Na hora do almoço, um colega da Lud nos levou para comer em um restaurante que fica literalmente em frente do trabalho. Comida boa e ambiente muito bonito. De noite fomos com outro colega e a esposa em um restaurante espanhol. Ficamos positivamente impressionados com a qualidade e preço das coisas.

Já no fim de semana, ainda dormindo quase nada, exploramos mais a região. Fomos até o conjunto de shoppings Greenbelt-Landmark-Glorietta. Lá descobrimos um supermercado maior e com preços bons, o Landmark. Além de supermercado, é uma super loja de departamento, que vende de tudo. Acho que não sentiremos falta de nada por aqui.

Os shoppings também impressionam pelo tamanho. O Greenbelt ainda mais, pois no em seu centro existe um belo parque. E no parque tem uma igreja! Dá para ver como os filipinos são católicos devotos pela quantidade de igrejas que tem por aqui, inclusive dentro dos shoppings.

Fomos e voltamos caminhando por esses shoppings. Achamos muito interessante o caminho. Além de boas calçadas, plataformas e túneis ajudam o pedestre a se locomover. Tudo sempre coberto para proteger das chuvas e do sol - e com direito a escada rolante!

Outra coisa que nos agradou foi uma feira que ocorre no "parque" do bairro que estamos aos sábados. O parque é bem pequeno - está mais para uma praça. A feira é no estacionamento que fica ao lado. São dezenas de barracas que vendem desde frutas e legumes a comidas prontas. A variedade e qualidade nos animaram, assim como os preços. Compramos um cachorro-quente feito com linguiça alemã e um chicken massala que delicioso. Acho que foi o mais gostoso que já comemos até hoje.

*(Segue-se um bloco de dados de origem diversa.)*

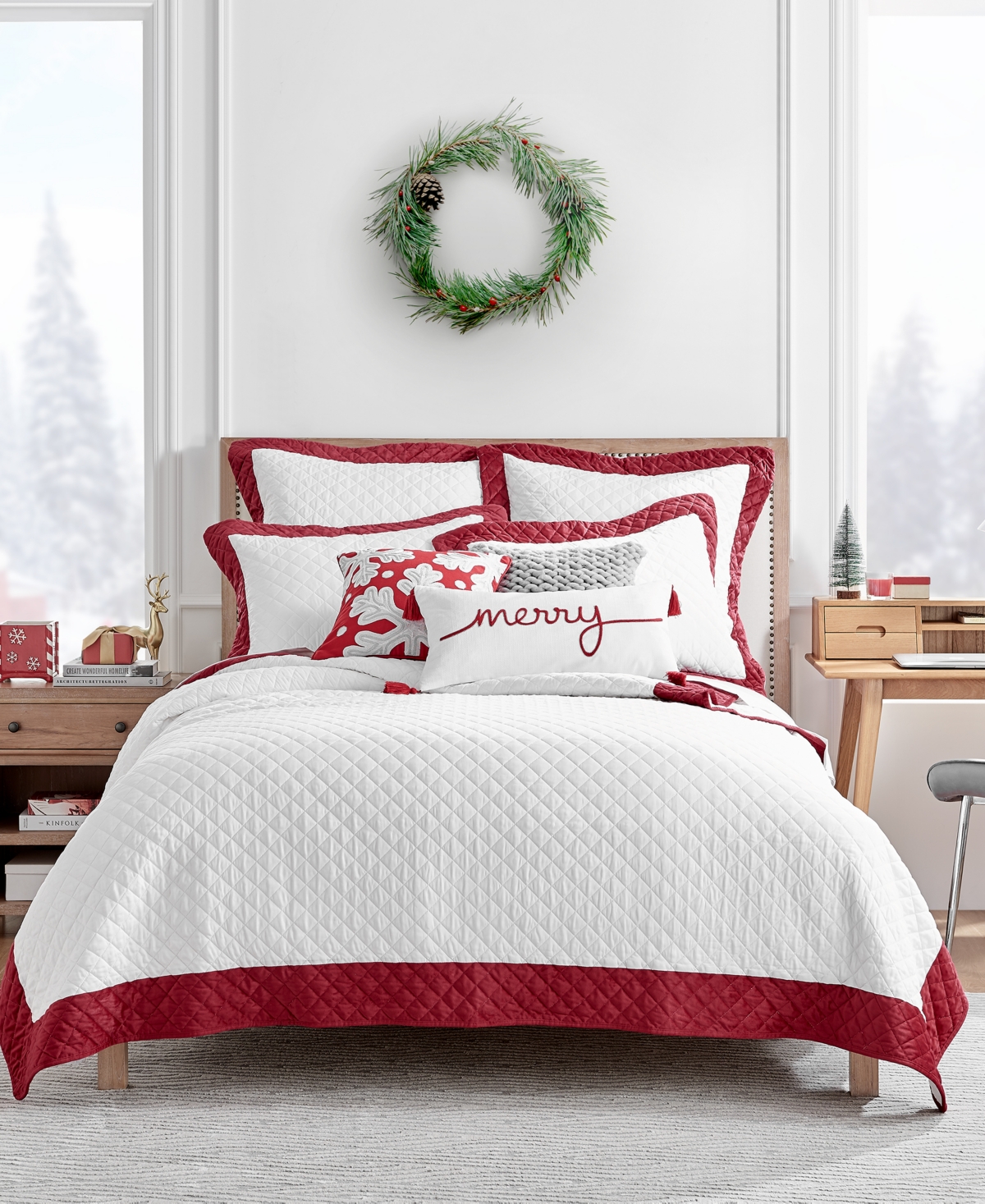 Levtex All Is Bright Bordered 2-pc. Quilt Set, Twin/twin Xl In White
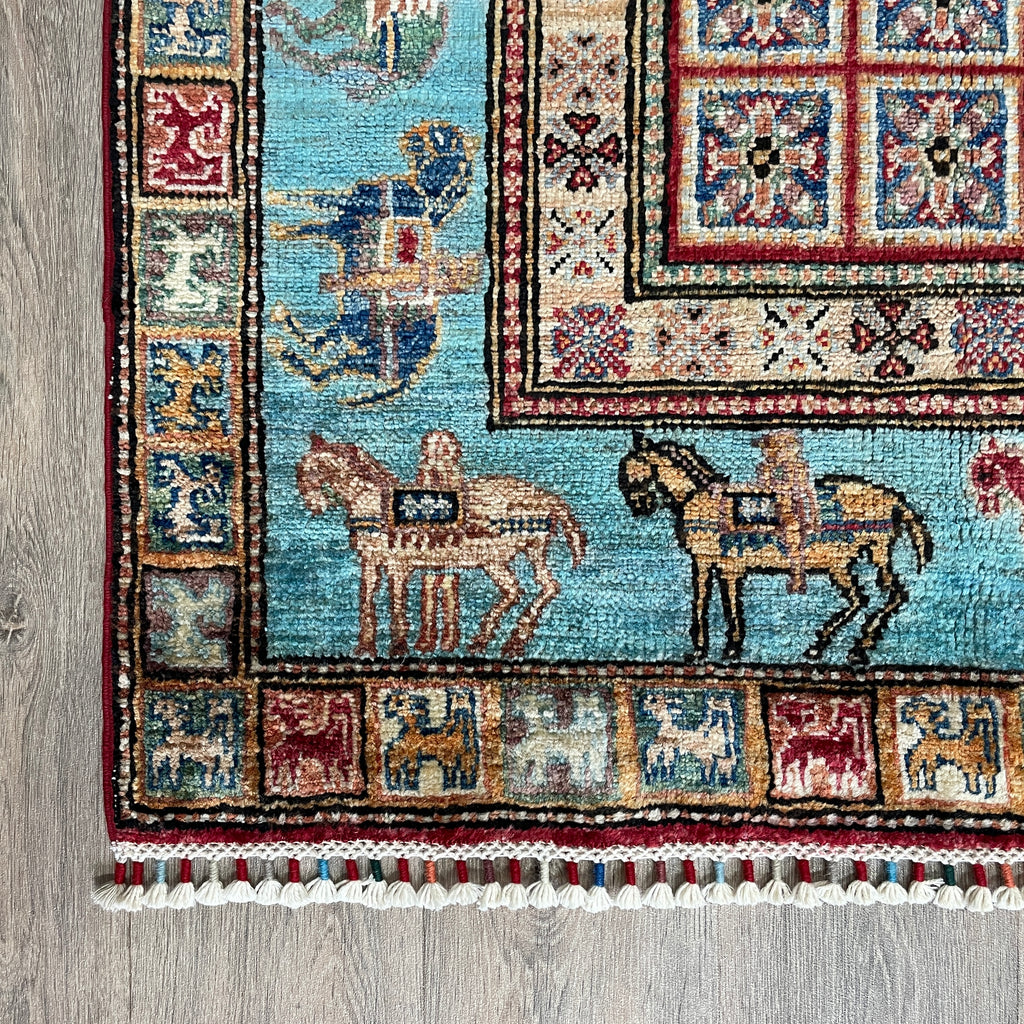Afghan Gabbeh Rug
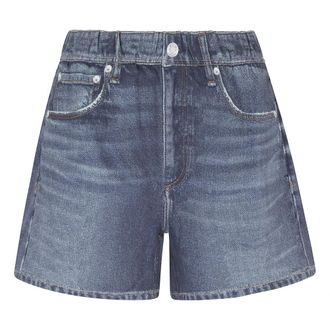 Rag & Bone Denim Shorts, female, Blue, Size: XS Terry Shorts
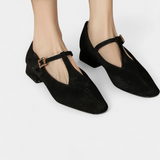 Elly Zemas magassarkú cipők pánttal és csattal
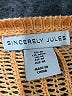 Sincerely Jules Orange Pullover Sweater Size M - photo 7
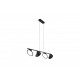 CLAMOR czarny lampa wisząca 100cm LED 3000K Azzardo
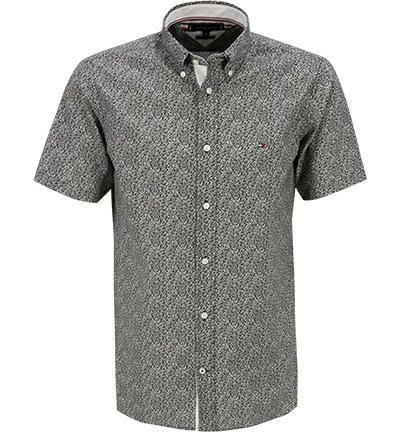 Bestpreis 😀 Tommy Hilfiger Hemd MW0MW18873/0GJ Kurzarmhemd, Regular Fit, Popeline, Schwarz-weiß gemustert, Schwarz-weiß ⭐ 2 Bestpreis 😀 Tommy Hilfiger Hemd MW0MW18873/0GJ Kurzarmhemd, Regular Fit, Popeline, Schwarz-weiß gemustert, Schwarz-weiß ⭐ – Bild 2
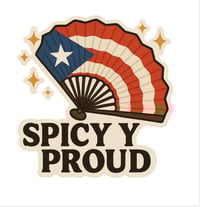 Image 2 of Boriqua Pride Sticker Set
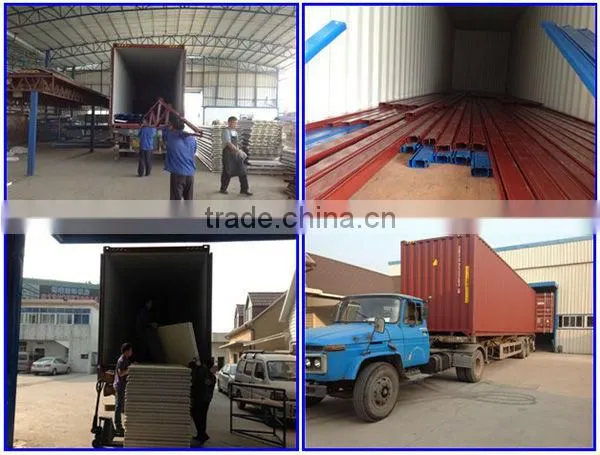New design prefabricated modular sentry box for guard security cabin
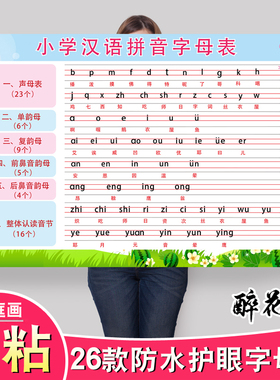 字母幼儿加减法乘除口诀九九挂图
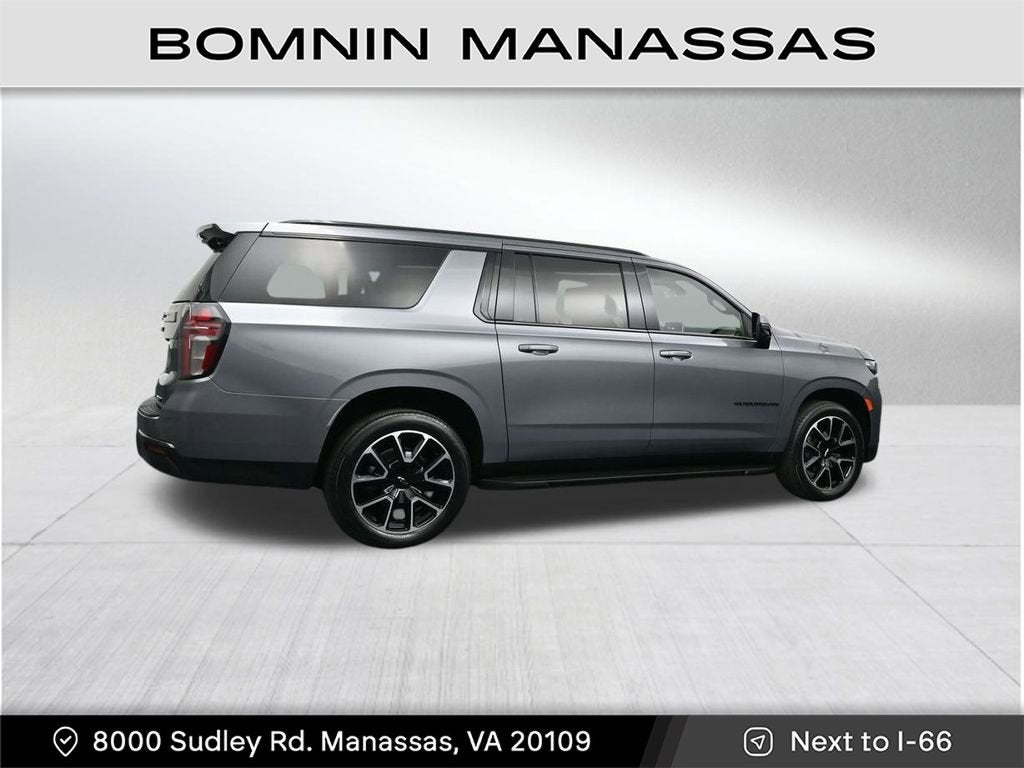 2022 Chevrolet Suburban RST
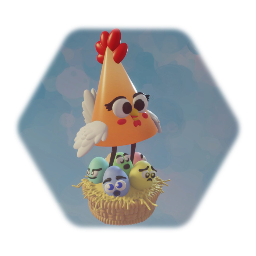 Egg - Chicken Connie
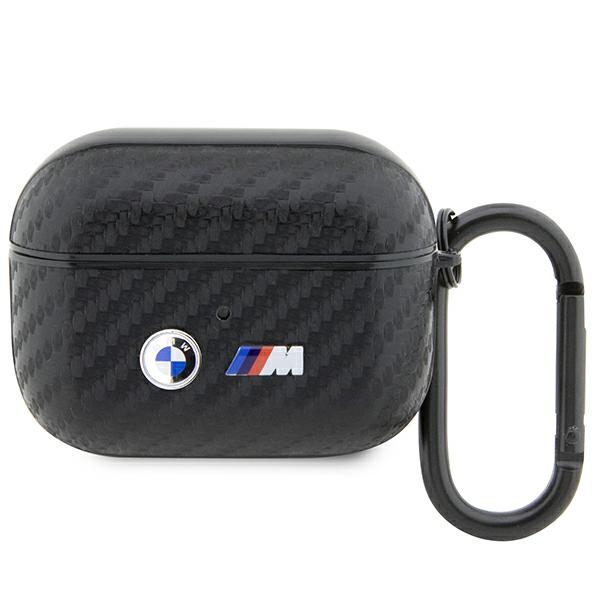 BMW BMAPWMPUCA2 AirPods Pro cover must/must Carbon Double Metal Logo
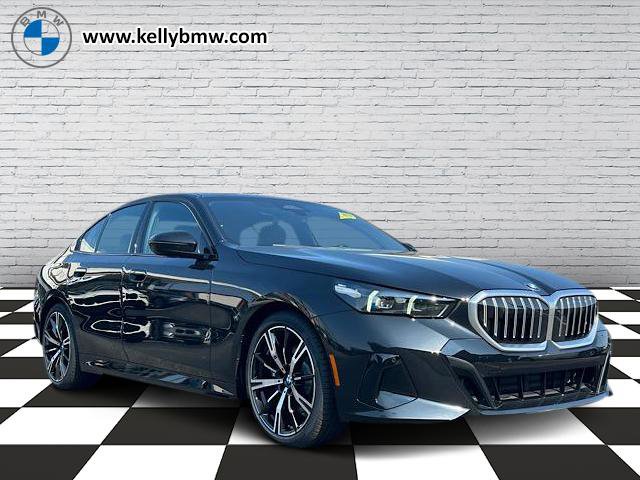 New 2026 Black Sapphire Metallic BMW 530i xDrive image 1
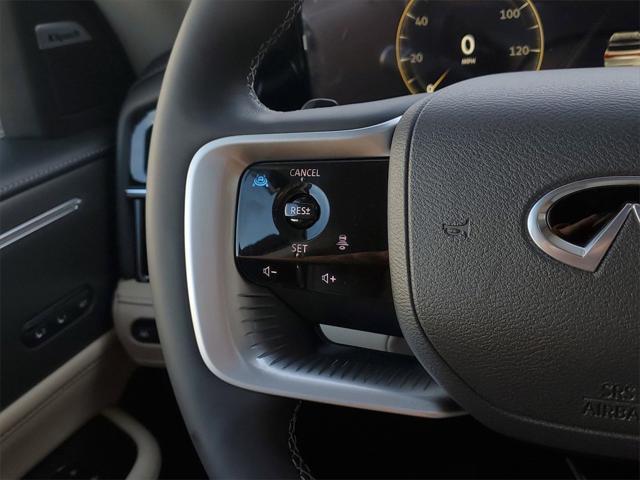 new 2025 INFINITI QX80 car, priced at $80,857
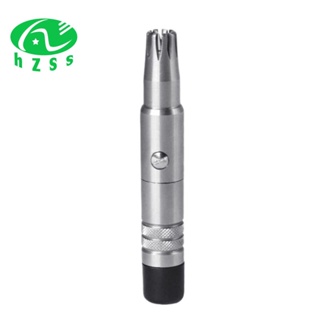 New Stainless Steel Manual Nose Trimmer for Shaving Nose Ear Hair Trimmer Shaver Face Care for Men Washable Device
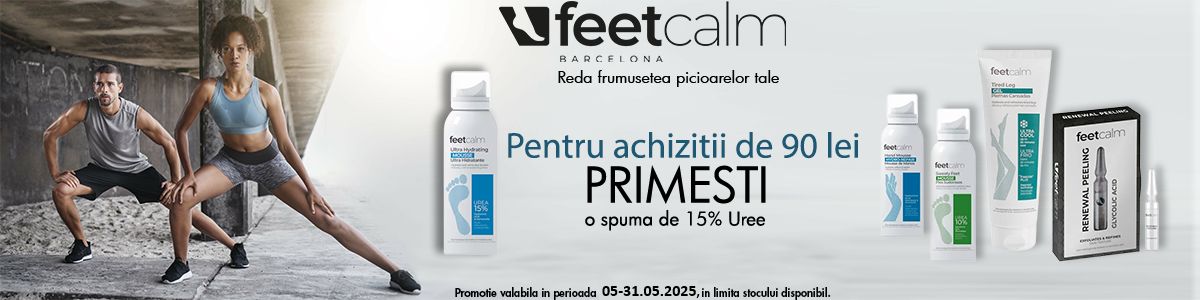 Feet Calm Produs Bonus Mai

No mais, dormimos todos os dias cedo e acordamos ainda cedíssimo. Por mais que tenhamos tentado ir pra cama tarde, não estamos conseguindo. Dizem que a pessoa precisa de uma noite de sono para cada hora de diferença de fuso para se acostumar totalmente. Como viemos do Canadá com 12 horas de diferença, imaginamos que vamos gastar 12 noites antes de ficarmos totalmente aclimatados.

Também deu para ver como é quente e úmido por aqui. Difícil caminhar muito. 500 metros na rua e já estamos suando. Pelo menos não pegamos chuva nos primeiros dias, embora tenham nos dito que já passou da hora do tempo virar e começar a cair muita água.

Ruas de Salcedo. Bem limpas e arrumadas. Surpreendeu positivamente.

Primeiro supermercado, na primeira manhã, às 7h, logo quando abriu.

Tem All Bran! Surpresa positiva 2 do dia. 

E tem chocolates suíços, alemães e franceses! 

Nossas primeiras notas de peso filipino. 1 dólar vale um pouco mais de 50 pesos. Fácil de fazer a conversão. Tem caixas eletrônicos em tudo que é canto e rua. E eles ficam na rua mesmo, abertos 24 horas. Sinal de que é seguro, né?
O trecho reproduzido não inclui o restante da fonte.